Johnson v. Guzman Chavez

Summarized by:

  • Court: United States Supreme Court
  • Area(s) of Law: Immigration
  • Date Filed: June 29, 2022
  • Case #: 19-897
  • Judge(s)/Court Below: Alito, J. for the Court; Roberts, C.J.; Kavanaugh, J.; and Barrett, J. joined. Thomas, J. concurring Gorsuch, J. joined. Breyer, J. dissenting; Sotomayor, J. Kagan, J. joined.
  • Full Text Opinion

8 U. S. C. §1231 not §1226 governs the detention of aliens subject to reinstated orders of removal.

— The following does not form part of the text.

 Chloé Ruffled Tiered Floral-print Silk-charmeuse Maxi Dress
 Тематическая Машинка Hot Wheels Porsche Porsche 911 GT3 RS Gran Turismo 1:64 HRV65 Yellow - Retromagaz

Respondents are aliens who were removed but later re-entered the US, while awaiting withholding-only proceedings, they sought release on bond which was denied. The Government maintained respondents were detained under 8 U. S. C. §1231 not §1226 and thus not entitled to bond hearings. Respondents filed habeas proceedings in District Court saying §1226 governed their detention, the District Court entered summary judgment for Respondents, the Fourth Circuit affirmed. The Supreme Court held that §1231 not §1226 governed the detention of aliens subject to reinstated orders of removal. Respondents were ordered removed, by the plain text of §1231 which governs their case, it does not cease because an alien pursues withholding-only relief. The Government argued that even though an immigration judge might determine that DHS cannot remove an alien to a particular country such an order does not prohibit removal from the United States. DHS could remove the alien to any other authorized country. The removal order remains administratively final even if withholding-only relief were granted, they would be two separate orders. Textually, the Court found that §1231 must apply because every provision applied to respondents. Congress made the judgments on who would be a flight risk, the Court does not want to undermine those decisions. REVERSED.